La página par Opinión

Manuel Jabois: Amar el ciclismo

Le voy a explicar cómo aguantamos el Tour de Francia —le dijo Henri al periodista. Rebuscó en el bolsillo trasero de su maillot, sacó un estuche y lo colocó sobre la mesa. Del estuche extrajo un par de frascos—. Esto es cocaína para los ojos. Y esto es cloroformo, para el dolor de las rodillas. Ahora le voy a enseñar las píldoras —y sacó tres botes más—. Ahí lo tiene: funcionamos con dinamita. Y usted no nos ha visto cuando llegamos a la ducha (…) Una vez que nos hemos quitado el barro, estamos blancos como sudarios. La diarrea nos deja vacíos. Nos desmayamos en el agua. Cuando nos acostamos, empezamos a temblar con el baile de San Vito y no podemos dormir (…) Hacemos el esfuerzo que no permitiríamos a una mula. Si salgo con un periódico bajo el pecho para evitar el frío, tengo que llegar a meta con él. Si paro a beber, tengo que sacar el agua de los pozos yo mismo o me penalizarán. Aceptamos el tormento, pero no queremos vejaciones. Un día nos colocarán plomo en los bolsillos alegando que Dios hizo al hombre demasiado ligero.

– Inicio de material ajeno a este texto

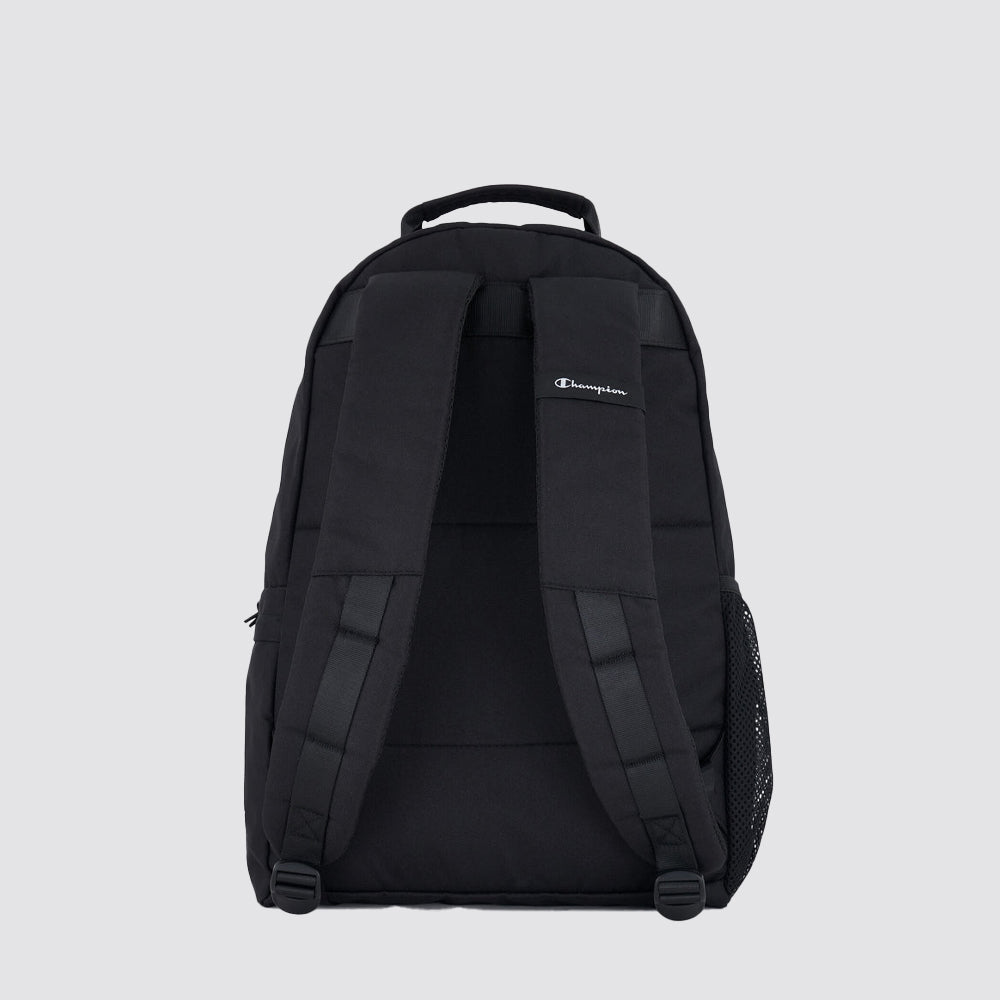 Zaino grande unisex 28 litri con tasche zip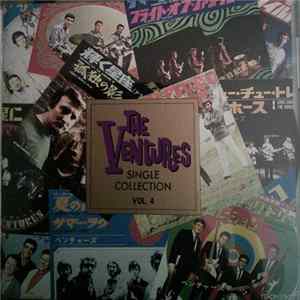 The Ventures - Single Collection Vol. 4 mp3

Roger Walkowiak aceptó hablar para un documental. Delante de la cámara, sembrado de arrugas, contaba divertidas anécdotas ciclistas hasta que el periodista, después de varios rodeos, se atrevió a preguntarle por una cuestión espinosa: el Tour que había ganado cuarenta años antes. “Nunca hablo de eso, ni siquiera con mi mujer”. Se hizo el silencio y la cámara se acercó al rostro encarnado de Walkowiak. Comenzaron a agitarse sus mejillas, ocultó la cara con su mano izquierda y se desplomó en el llanto: “Nadie sabe cuánto sufrí”. Walkowiak había ganado el Tour gracias a dos escapadas milagrosas siendo un don nadie, un invitado que no arrastraba gloria ni carisma, y para el que su paso por la vuelta francesa debería haber sido un trámite de gregario. No ganó ni una etapa. La prensa lo rechazó porque entendía que su nombre manchaba el glorioso historial del Tour. Desde que ganó el amarillo en una escapada de modestos provocada por la anarquía del pelotón, en plena transición de los años de Coppi a los de Bahamontes, Walkowiak sufrió una tortura en la carretera y fuera de ella. “Por los ataques en tromba de los favoritos, que veían que se les escapaba el Tour, pero también por el desprecio que sufrió su liderato: los periodistas escribían que Walkowiak, indigno para llevar el maillot, se había encontrado con el mayor golpe de suerte de la historia del Tour, y no disimulaban las ganas de que un nombre con más prestigio lo desbancara”, escribe Ander Izagirre, que recuerda el asombro del mozalbete cuando al acabar la etapa le vistieron el amarillo y lo rodearon las cámaras. “El periodista, impaciente porque Walkowiak apenas pronunciaba monosílabos, le recalcó la importancia del momento como quien regaña a un chaval: ‘Roger, eres líder del Tour de Francia. Miles de personas te están viendo y quieren saber qué sientes con el maillot amarillo puesto’. Walkowiak se llevó las manos a la cara y balbuceó unas palabras: ‘Es increíble, no puedo creerme lo que ha pasado, es increíble…”. De pronto, Walkowiak se estremeció en un llanto incontenible y se arrojó a los brazos del periodista, arrasado por las lágrimas: “Es increíble, es increíble…”.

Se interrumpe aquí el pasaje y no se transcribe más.